Revisiting Data Scaling in Medical Image Segmentation via Topology-Aware Augmentation
arXiv:2511.13883v2 Announce Type: replace Abstract: Understanding how segmentation performance scales with training data is fundamental for developing data-efficient medical AI systems. In this study, we systematically revisit data scaling behavior across 15 anatomical segmentation tasks spanning...

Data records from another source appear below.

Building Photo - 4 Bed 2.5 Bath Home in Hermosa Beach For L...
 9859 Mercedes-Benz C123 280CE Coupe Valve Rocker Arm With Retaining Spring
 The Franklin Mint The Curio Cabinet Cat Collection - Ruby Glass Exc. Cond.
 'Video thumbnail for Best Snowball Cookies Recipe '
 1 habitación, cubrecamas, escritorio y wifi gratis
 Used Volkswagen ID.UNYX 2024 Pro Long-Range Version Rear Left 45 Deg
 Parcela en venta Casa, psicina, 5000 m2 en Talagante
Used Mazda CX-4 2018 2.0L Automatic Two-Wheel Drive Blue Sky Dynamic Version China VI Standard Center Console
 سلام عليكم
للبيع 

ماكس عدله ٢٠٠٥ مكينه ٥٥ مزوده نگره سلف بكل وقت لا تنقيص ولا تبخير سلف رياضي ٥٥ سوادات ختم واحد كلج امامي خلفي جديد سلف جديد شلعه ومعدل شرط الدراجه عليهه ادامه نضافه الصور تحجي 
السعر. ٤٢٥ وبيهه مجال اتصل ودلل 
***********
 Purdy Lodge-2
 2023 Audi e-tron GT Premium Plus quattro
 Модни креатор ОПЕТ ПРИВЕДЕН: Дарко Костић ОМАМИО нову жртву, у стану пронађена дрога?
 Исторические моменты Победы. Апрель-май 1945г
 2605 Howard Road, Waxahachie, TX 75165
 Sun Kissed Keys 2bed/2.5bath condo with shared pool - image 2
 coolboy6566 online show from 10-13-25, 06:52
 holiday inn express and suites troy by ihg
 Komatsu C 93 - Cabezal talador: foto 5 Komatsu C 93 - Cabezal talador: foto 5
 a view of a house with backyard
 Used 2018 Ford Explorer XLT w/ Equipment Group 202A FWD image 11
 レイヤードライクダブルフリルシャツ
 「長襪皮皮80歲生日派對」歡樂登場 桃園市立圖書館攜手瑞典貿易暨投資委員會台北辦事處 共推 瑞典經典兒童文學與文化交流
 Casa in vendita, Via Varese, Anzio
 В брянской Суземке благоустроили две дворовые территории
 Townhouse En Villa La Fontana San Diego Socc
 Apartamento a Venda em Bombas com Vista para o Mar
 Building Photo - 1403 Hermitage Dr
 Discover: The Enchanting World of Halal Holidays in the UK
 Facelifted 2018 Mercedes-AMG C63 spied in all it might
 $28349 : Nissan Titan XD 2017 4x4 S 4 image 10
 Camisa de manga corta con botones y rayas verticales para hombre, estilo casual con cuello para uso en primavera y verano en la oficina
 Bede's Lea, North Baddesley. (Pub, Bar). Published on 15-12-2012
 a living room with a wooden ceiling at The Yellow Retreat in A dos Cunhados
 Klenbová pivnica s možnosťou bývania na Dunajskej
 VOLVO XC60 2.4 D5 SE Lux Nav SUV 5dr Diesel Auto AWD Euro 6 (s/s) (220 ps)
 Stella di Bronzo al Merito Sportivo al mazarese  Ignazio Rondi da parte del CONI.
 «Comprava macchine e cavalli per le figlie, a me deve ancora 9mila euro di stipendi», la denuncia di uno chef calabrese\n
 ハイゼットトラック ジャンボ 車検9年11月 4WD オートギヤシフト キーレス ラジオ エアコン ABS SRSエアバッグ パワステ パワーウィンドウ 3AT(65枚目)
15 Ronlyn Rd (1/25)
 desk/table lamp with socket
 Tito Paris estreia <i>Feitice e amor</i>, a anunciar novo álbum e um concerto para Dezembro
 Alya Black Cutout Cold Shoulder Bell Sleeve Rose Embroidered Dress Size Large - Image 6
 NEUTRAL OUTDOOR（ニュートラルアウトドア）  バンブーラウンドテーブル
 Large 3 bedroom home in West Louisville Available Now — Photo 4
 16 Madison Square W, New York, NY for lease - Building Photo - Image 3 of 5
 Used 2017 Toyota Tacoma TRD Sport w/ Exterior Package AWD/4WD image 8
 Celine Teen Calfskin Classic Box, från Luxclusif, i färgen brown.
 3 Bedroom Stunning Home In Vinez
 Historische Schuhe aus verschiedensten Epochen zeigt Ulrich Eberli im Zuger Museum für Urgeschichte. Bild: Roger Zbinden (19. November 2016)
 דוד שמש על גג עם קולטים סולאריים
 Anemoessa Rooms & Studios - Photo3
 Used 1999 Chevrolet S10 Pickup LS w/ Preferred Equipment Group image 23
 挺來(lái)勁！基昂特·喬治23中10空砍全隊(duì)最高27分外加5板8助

arXiv:2511.13883v2 Announce Type: replace
Abstract: Understanding how segmentation performance scales with training data is fundamental for developing data-efficient medical AI systems. In this study, we systematically revisit data scaling behavior across 15 anatomical segmentation tasks spanning four imaging modalities. We observe that medical segmentation follows a structurally stable power-law-like relationship between predictive error and dataset size, characterized by rapid improvement in low-data regimes. However, unlike classical large-scale vision or language tasks, segmentation exhibits earlier and task-dependent performance saturation, with a persistent error floor emerging even as data increases. This behavior suggests that segmentation scaling is not purely data-constrained but is influenced by intrinsic geometric and anatomical structure. To further probe this geometry-constrained regime, we investigate whether topology-aware deformation-based augmentation can modify effective scaling dynamics. We compare random elastic deformation with registration-guided and generative deformation-field modeling strategies. While the overall functional form of the scaling law remains preserved, topology-aware augmentation systematically lowers the effective error scale and reshapes convergence behavior in a task-dependent manner, leading to improved sample efficiency without overturning the underlying scaling principle. These findings indicate that medical segmentation obeys a geometry-limited scaling law, and that anatomically grounded augmentation enhances data efficiency by expanding effective topological coverage rather than altering the fundamental scaling structure. Our results provide a principled empirical perspective on data-efficient learning in medical image segmentation. The code will be released after acceptance.